Moreover, arbitration awards might compromise administration of the 1969 Act. Rulings of arbiters might not jibe with rulings of the Secretary. Rulings of the arbiters might even color claims for compensation or damages by negativing the very basis of liability either in workmen's compensation Acts or in state lawsuits for damages.
Hence, though I disagree with the way in which the Court reads this particular arbitration clause, I conclude that even though the collective-bargaining agreement is read to authorize arbitration, the 1969 Act precludes it. The 1969 Act specifies the arms of the law which handle these matters of safety of mines. Congress has given arbiters no share of the power.

 Bureau of Labor Statistics, Injury Rates by Industry, 1970, pp. 3, 6 (Report No. 406, 1972).

 S. Rep. No. 91-411, pp. 3-6; H. R. Rep. No. 91-563, pp. 1-3.

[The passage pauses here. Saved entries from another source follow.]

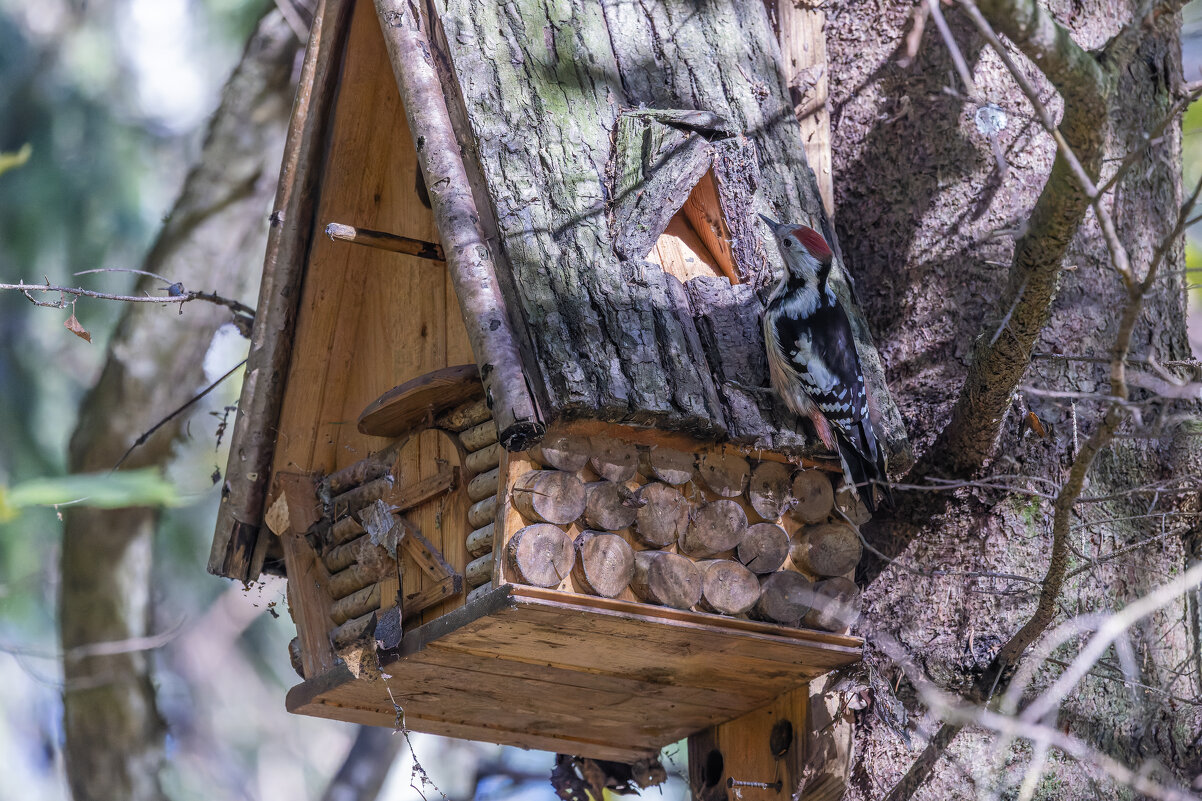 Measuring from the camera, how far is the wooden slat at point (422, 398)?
109 inches

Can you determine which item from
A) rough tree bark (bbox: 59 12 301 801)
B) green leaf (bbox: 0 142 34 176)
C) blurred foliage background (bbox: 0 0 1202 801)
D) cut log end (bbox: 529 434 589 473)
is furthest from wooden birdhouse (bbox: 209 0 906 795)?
green leaf (bbox: 0 142 34 176)

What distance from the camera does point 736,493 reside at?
267 centimetres

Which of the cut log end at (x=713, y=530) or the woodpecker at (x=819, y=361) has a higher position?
the woodpecker at (x=819, y=361)

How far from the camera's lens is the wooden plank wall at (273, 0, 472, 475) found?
11.1ft

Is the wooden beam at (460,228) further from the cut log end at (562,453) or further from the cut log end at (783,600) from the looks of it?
the cut log end at (783,600)

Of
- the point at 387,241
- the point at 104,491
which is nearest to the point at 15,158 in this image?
the point at 104,491

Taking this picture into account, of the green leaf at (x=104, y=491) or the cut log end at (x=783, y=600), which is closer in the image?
the cut log end at (x=783, y=600)

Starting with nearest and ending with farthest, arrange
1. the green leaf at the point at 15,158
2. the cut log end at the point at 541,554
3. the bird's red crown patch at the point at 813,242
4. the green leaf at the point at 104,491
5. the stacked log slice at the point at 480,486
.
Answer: the cut log end at the point at 541,554
the stacked log slice at the point at 480,486
the bird's red crown patch at the point at 813,242
the green leaf at the point at 104,491
the green leaf at the point at 15,158

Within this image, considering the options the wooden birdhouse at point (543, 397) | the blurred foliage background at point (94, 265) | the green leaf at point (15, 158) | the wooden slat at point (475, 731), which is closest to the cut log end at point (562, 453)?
the wooden birdhouse at point (543, 397)

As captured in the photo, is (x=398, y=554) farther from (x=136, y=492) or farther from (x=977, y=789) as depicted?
(x=136, y=492)

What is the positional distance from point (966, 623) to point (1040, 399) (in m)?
0.62

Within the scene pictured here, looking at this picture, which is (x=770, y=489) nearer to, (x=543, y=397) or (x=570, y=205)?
(x=543, y=397)

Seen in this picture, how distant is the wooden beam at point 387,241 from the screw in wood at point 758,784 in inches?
60.2

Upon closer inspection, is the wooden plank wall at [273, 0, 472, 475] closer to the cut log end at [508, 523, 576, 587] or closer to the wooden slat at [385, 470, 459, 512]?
the wooden slat at [385, 470, 459, 512] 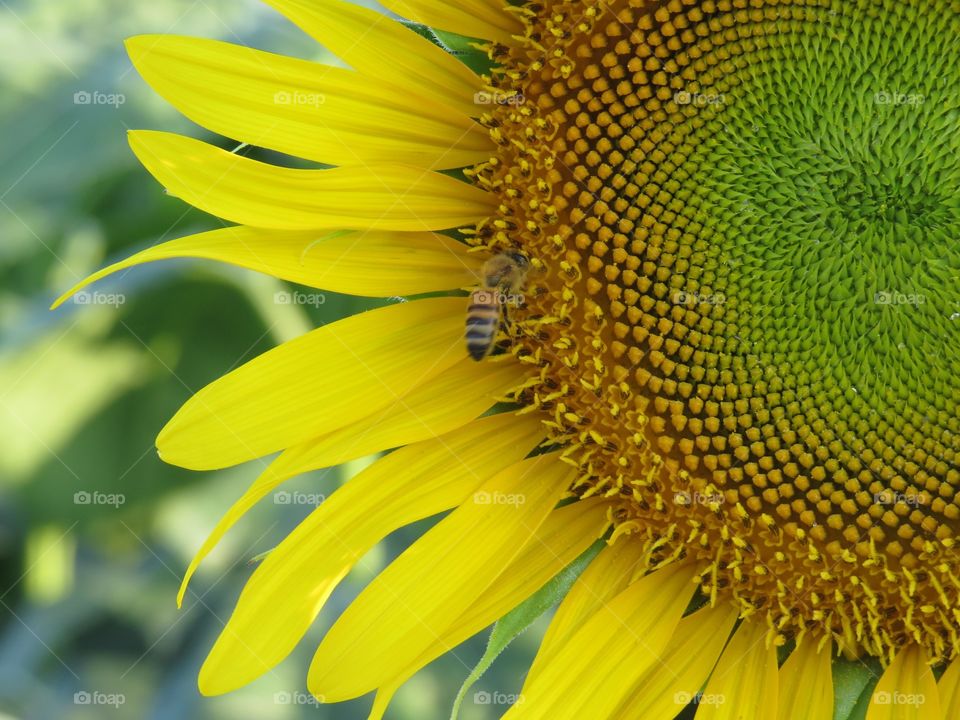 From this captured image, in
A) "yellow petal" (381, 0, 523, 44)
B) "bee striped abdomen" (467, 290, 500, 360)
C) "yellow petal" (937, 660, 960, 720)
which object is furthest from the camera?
"yellow petal" (381, 0, 523, 44)

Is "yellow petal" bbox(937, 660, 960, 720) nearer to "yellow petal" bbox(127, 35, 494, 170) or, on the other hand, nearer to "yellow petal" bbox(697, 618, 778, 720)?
"yellow petal" bbox(697, 618, 778, 720)

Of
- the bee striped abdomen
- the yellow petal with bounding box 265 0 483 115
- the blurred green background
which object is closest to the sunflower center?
the yellow petal with bounding box 265 0 483 115

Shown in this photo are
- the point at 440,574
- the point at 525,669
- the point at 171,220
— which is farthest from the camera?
the point at 525,669

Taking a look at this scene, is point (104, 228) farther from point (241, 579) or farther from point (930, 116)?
point (930, 116)

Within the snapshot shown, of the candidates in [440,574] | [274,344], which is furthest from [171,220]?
[440,574]

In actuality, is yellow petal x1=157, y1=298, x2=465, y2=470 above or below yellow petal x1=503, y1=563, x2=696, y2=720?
above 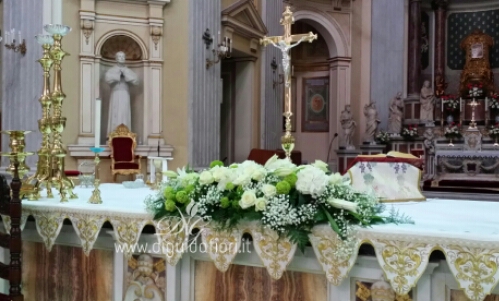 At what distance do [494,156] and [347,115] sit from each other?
3.44m

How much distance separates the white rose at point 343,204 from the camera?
240 centimetres

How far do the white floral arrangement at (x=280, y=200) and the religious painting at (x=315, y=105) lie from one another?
11.7 metres

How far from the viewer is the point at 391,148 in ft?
42.3

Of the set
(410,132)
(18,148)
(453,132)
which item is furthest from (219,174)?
(410,132)

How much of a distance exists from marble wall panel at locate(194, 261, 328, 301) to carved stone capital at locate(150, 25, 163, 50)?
6564 millimetres

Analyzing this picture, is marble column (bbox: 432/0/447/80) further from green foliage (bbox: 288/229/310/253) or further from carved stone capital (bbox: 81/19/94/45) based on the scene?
green foliage (bbox: 288/229/310/253)

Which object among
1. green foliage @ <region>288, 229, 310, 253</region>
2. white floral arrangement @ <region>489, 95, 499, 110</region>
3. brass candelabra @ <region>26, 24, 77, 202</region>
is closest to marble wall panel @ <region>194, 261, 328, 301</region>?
green foliage @ <region>288, 229, 310, 253</region>

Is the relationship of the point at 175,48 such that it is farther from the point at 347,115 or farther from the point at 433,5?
the point at 433,5

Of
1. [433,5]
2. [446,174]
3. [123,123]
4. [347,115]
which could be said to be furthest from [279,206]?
[433,5]

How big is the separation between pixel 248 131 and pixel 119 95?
3.16 metres

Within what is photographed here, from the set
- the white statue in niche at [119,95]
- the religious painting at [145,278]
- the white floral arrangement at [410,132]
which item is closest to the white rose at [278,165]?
the religious painting at [145,278]

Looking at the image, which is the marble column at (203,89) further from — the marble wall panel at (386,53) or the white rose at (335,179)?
the white rose at (335,179)

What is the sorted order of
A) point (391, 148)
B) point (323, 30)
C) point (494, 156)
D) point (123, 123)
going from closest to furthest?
point (123, 123), point (494, 156), point (391, 148), point (323, 30)

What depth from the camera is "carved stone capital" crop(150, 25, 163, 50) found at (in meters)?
8.97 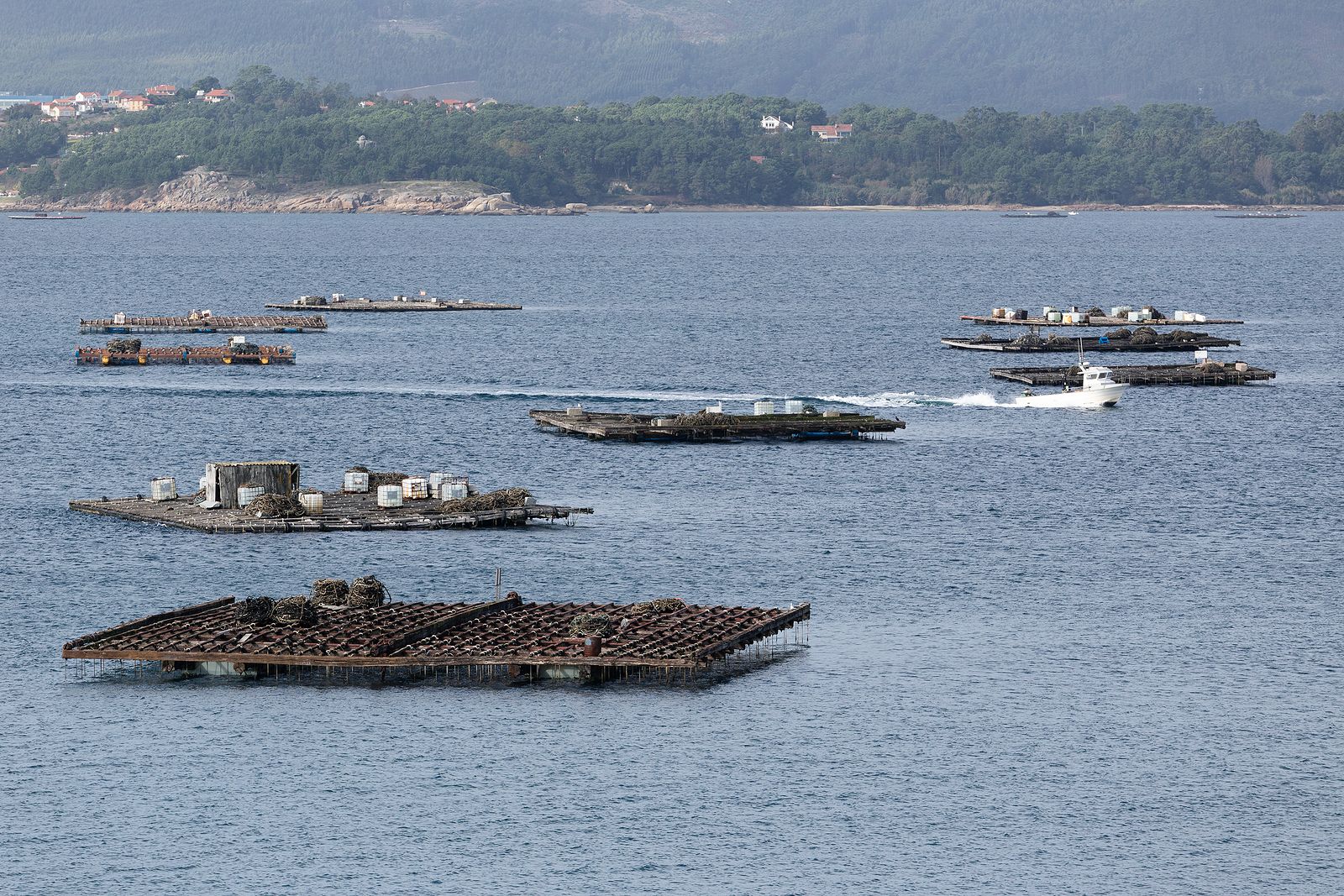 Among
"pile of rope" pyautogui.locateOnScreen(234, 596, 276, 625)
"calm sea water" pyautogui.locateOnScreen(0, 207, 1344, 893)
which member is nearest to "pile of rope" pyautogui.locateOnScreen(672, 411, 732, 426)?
"calm sea water" pyautogui.locateOnScreen(0, 207, 1344, 893)

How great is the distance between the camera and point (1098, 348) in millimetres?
197000

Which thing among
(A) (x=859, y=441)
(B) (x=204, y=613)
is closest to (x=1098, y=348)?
(A) (x=859, y=441)

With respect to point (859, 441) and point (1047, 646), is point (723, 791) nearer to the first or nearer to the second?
point (1047, 646)

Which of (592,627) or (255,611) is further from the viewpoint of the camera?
(255,611)

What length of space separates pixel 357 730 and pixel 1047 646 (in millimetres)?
28193

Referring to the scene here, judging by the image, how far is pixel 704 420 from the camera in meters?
135

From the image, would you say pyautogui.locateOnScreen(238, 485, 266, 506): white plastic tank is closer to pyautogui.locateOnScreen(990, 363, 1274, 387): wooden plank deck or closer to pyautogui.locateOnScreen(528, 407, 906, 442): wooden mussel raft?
pyautogui.locateOnScreen(528, 407, 906, 442): wooden mussel raft

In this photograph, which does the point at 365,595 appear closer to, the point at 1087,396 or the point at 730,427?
the point at 730,427

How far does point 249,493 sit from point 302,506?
12.9 feet

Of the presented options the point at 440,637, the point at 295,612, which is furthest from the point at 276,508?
the point at 440,637

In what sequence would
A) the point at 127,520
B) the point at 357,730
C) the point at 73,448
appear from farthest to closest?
1. the point at 73,448
2. the point at 127,520
3. the point at 357,730

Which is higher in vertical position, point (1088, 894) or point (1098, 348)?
point (1098, 348)

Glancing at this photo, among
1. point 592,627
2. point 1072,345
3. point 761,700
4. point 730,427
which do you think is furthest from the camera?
point 1072,345

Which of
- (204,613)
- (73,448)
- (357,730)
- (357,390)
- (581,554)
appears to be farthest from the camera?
(357,390) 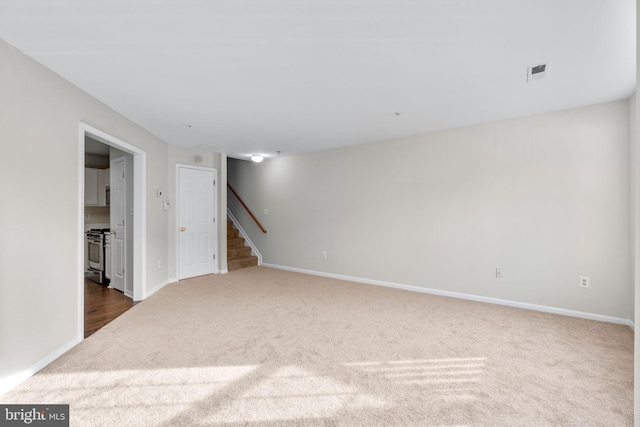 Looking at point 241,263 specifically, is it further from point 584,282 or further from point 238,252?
point 584,282

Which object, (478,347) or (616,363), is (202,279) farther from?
(616,363)

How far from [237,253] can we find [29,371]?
14.5 ft

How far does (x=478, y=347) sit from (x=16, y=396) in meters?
3.59

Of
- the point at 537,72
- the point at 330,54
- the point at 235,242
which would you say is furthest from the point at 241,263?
the point at 537,72

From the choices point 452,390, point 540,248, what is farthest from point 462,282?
point 452,390

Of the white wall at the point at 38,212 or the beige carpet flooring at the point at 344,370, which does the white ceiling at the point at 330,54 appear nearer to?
the white wall at the point at 38,212

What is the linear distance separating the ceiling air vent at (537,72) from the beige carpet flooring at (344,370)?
2.46 m

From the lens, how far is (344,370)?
2.29m

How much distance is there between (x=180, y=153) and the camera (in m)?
5.23

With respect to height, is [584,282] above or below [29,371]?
above

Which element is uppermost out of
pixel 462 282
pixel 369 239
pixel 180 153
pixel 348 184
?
pixel 180 153

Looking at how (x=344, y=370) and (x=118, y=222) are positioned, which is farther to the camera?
(x=118, y=222)

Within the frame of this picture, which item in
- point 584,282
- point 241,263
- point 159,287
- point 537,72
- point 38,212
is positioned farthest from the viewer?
point 241,263

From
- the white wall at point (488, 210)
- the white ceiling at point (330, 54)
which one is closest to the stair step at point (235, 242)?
the white wall at point (488, 210) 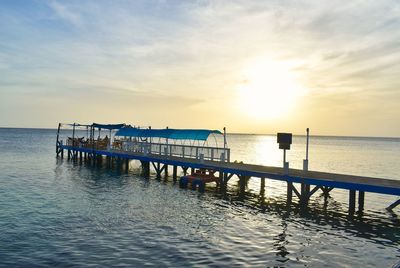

 Hearings on Health and Safety in the Coal Mines before the Subcommittee on Labor of the Senate Committee on Labor and Public Welfare, 91st Cong., 2d Sess., 27, 351 (1970).

 Id., at 191.

 This inference is strengthened by the agreement’s provisions for arbitration if the operator objected to recommendations by federal coal mine inspectors. § (b) (2) of the agreement. There would obviously be no need for this special arbitration provision if the parties felt that safety questions could be handled through the regular arbitration machinery.
Indeed the provision in question here has a long history supporting this construction. The 1946 agreement, known as the Krug-Lewis agreement, and arising from President Truman’s seizure of the mines in 1946, United States v. United Mine Workers of America, 330 U. S. 258, expressly permitted union safety committees to initiate safety stoppages, although the Federal Coal Mines Administrator (Capt. N. H. Collisson), was given authority to halt such a stoppage. At hearings following the Centralia mine disaster, resulting in the death of 111 miners, Secretary of the Interior Krug testified that the meaning of the provision “was to give the mine safety committee complete authority to get the men out of the mine, if they felt the mine was unsafe . . . .” Hearings pursuant to S. Res. 98 before a Special Subcommittee of the Senate Committee on Public Lands, 80th Cong., 1st Sess., 312. The predecessor to the current provision appeared in the National Bituminous Coal Wage Agreement of 1947, which deleted Collisson’s authority to override the miners.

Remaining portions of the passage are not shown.